I hunted for around 10 years before I bought my first camera so My camera strategy has been added into my personal style of hunting after the fact.

I used to sit a lot of pinch points and creek crossing or travel routes and just don't have time for that style of hunting anymore and it didn't produce very many good encounters.
So for a while I've tried to hunt as close as possible to bedding on the entry or exit. This is usually a place where there is a scrape or where a mock scrape will take off.

The longer I hunt the more I realize that during each faze of the season bucks are doing different things and tend to transition into and out of bedding areas. Meaning data and info or sightings aren't necessarily good data for long. This lead to the realization that i have to be one step ahead instead of behind. And somehow be collecting and using info wisely. Before I had cameras that meant sitting back and using sightings to dictate future hunts or I was back to just burning time in the stand.

So adding cameras around 8 years ago and the obvious place in my mind is put them where i hunt (close to bedding or a scrape or trail exciting or entering a bedding areas) because that's the info you need the most but that's also my hunting spot so without cell cameras I was really only getting old info or info for next year.

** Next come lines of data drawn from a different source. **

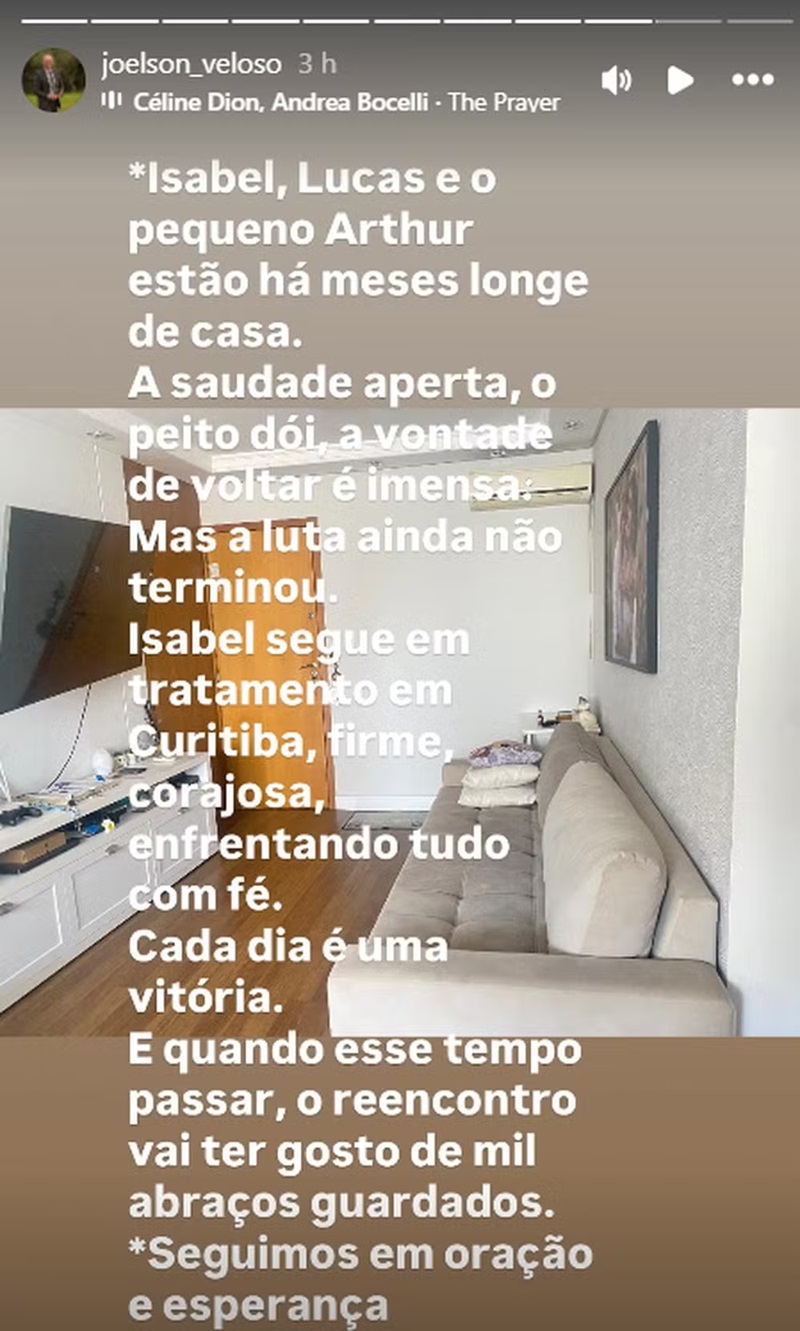 Desabafo do pai de Isabel Veloso - Foto: Reprodução / Instagram @joelson_veloso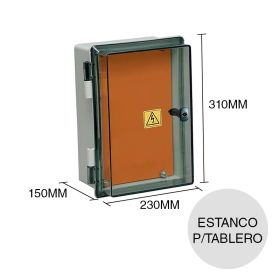 Gabinete estanco p/tablero 360 sobrepuesto tapa cristal termoplastico 150mm x 230mm x 310mm
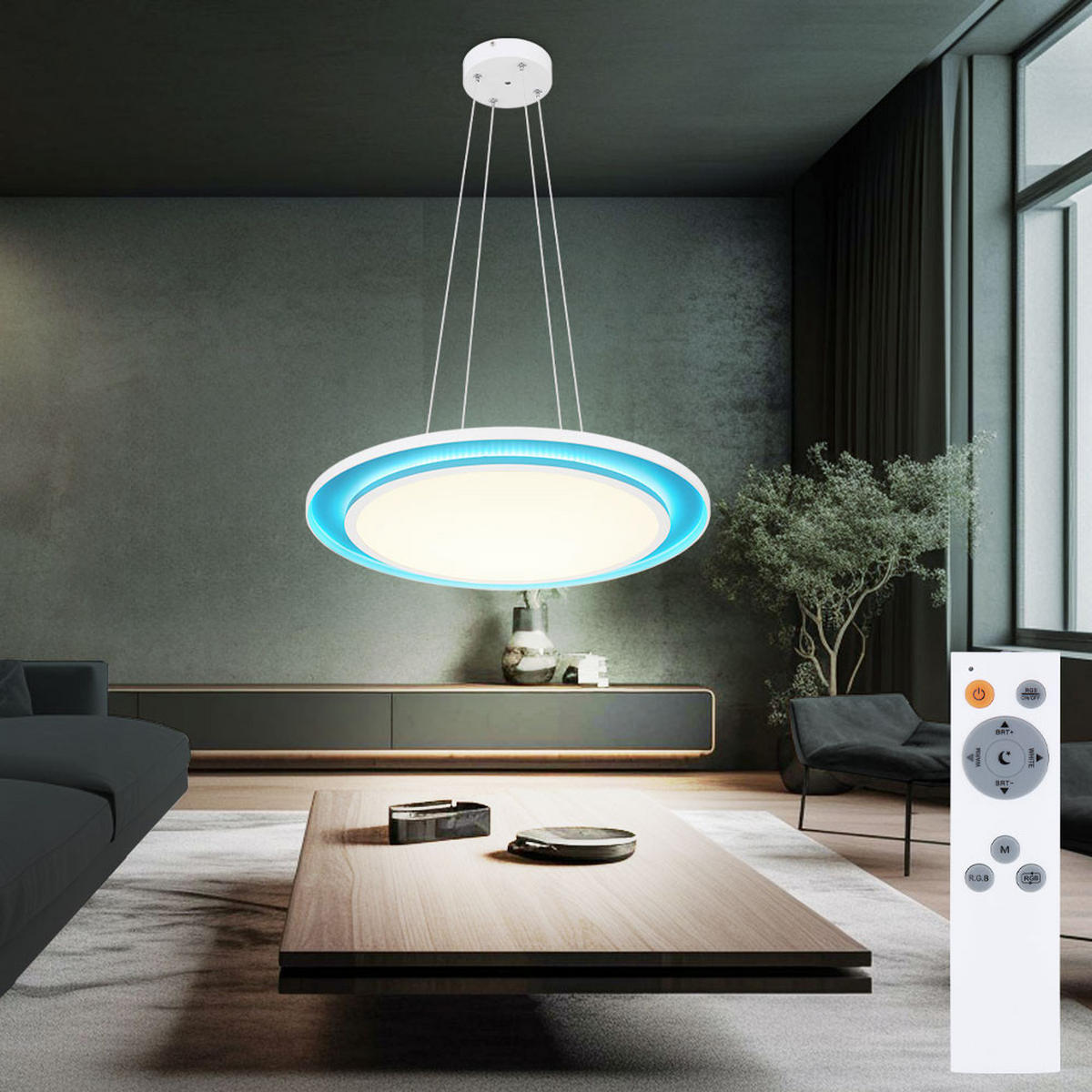 LED HÄNGELAMPE Weiß dimmbar RGB - Weiß, Metall (60/60/120cm) - Globo Lighting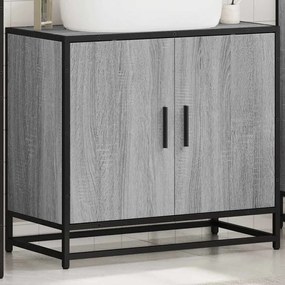 vidaXL Ντουλάπι νιπτήρα μπάνιου γκρι Sonoma 65x33x60 cm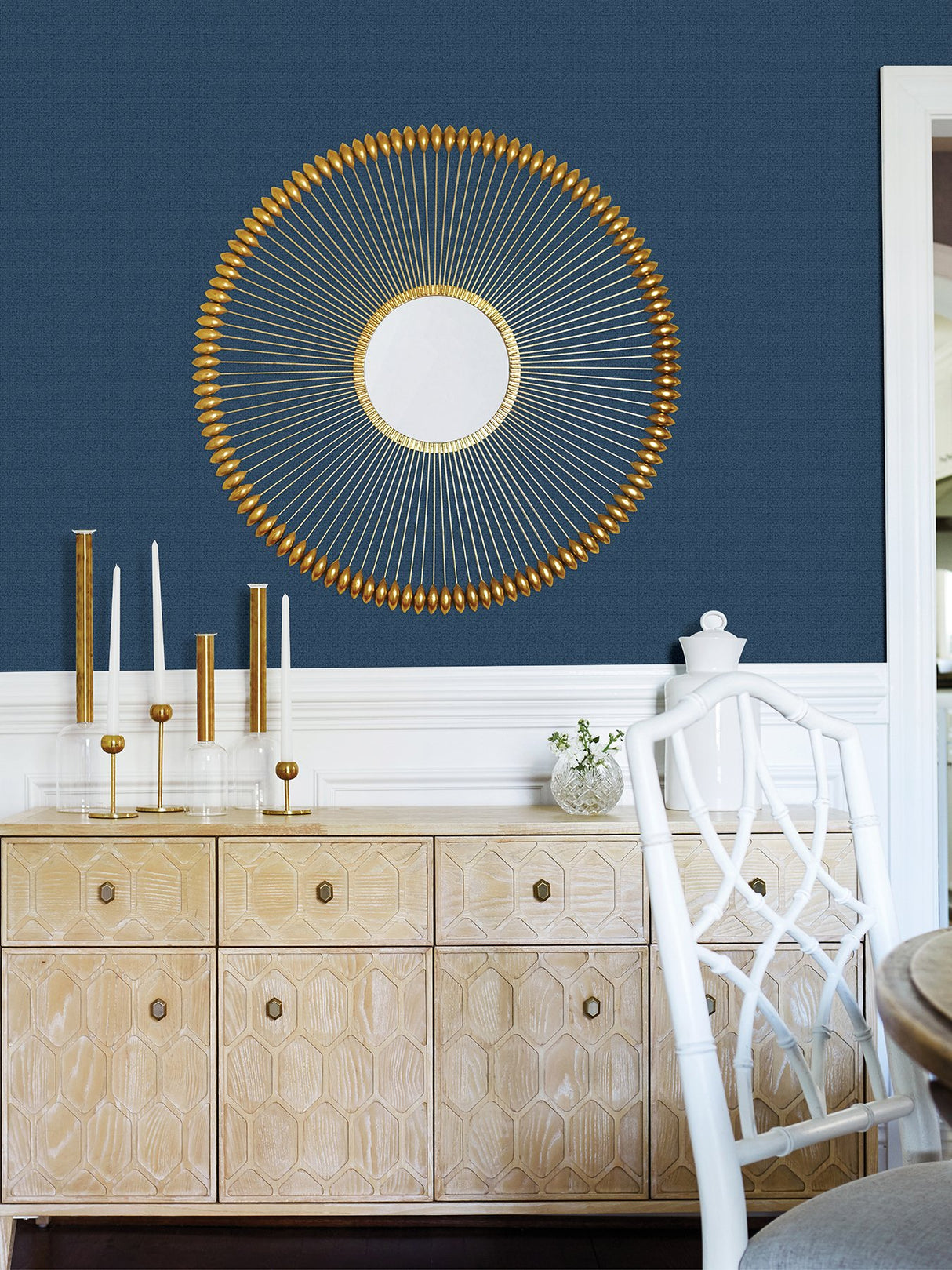 Hilbert Navy Geometric Wallpaper with Modern Geometric Texture - Brewster 4025-82551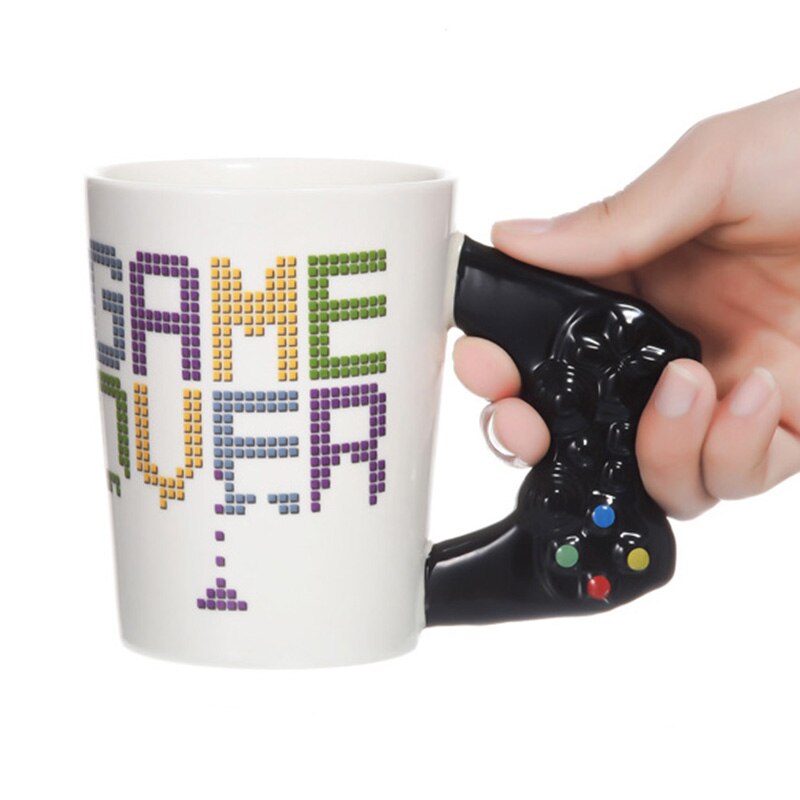 380ml Game Over Coffee Mug 3D Game Controller Handle Mug Ceramic Milk Tea Cups Gameboy Birthday Christmas Best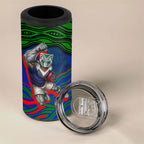 Personalized New Zealand Warriors 4 in 1 Can Cooler Tumbler Aboriginal Dot Art - Dreamtime Rugby Mascot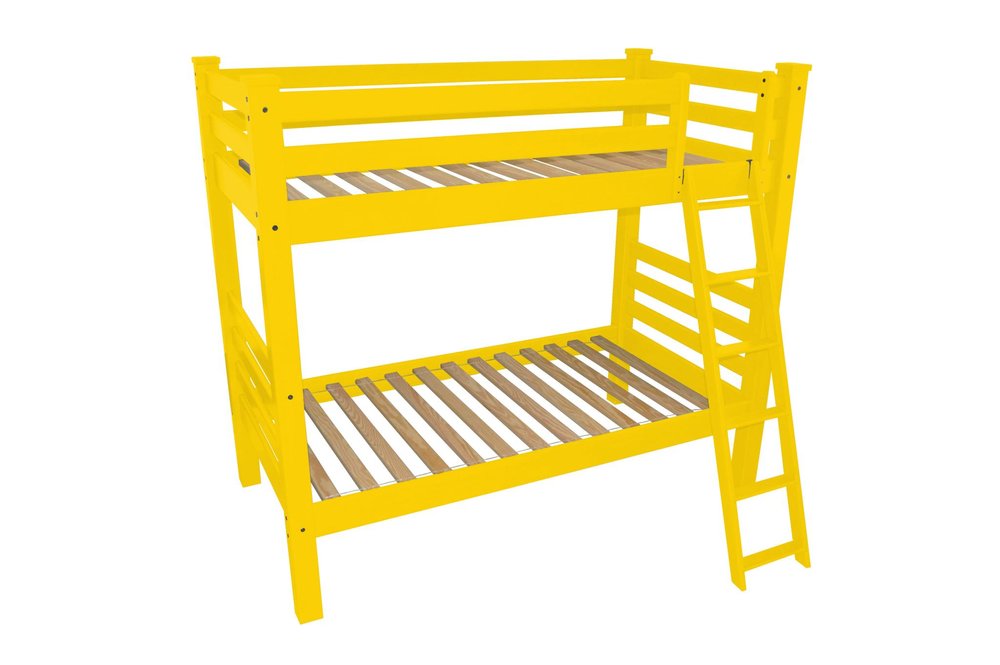 Yellow Queen Solid Wood Bunk Bed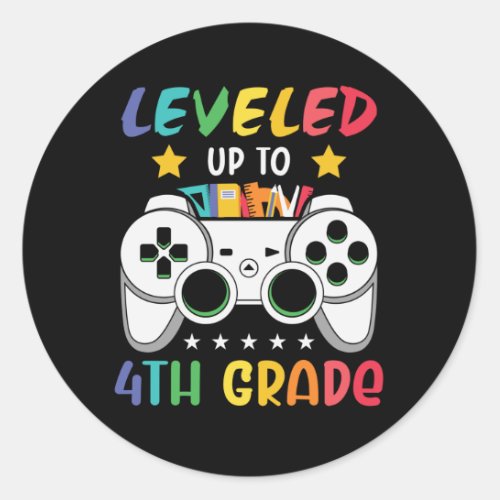 Leveled Up To 4th Grade Back to School Video Gamer Classic Round Sticker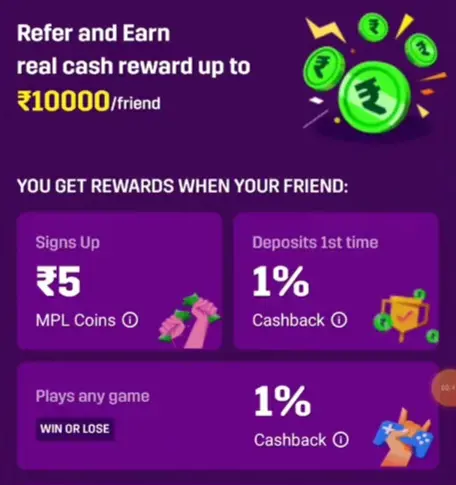 Mpl app Refer And Earn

So say I go hunt a spot that had a camera on it for a while and check the card get all pumped because the buck was consistently on it last week. That's info but also old info with bucks tendencies to move around with crop rotation, hormones changes, and other hunting pressure. At that point cameras are great but also just another tool.

Now come cell cameras.... As you can imagine everything just gets easier. Not only can you get info for next year but you can use current info combined with last year's pics to predict and expect what a buck will do. Say I get pics of a buck I know showed up last year the second week of November and was around for a week. I don't have to wonder if it's a random buck and I get in on the start of him showing up instead of pulling a card a week later and he's on to somewhere else already. Of course every place has a few home boys that hang around most of the year and that's a different scenario.

Obviously I don't only hunt where I have a camera but a camera goes to most spots that I see great sign and am considering setting sometime. Also sightings when hunting often blow any strategies up and I'm moving to a new tree or area to get onto a buck.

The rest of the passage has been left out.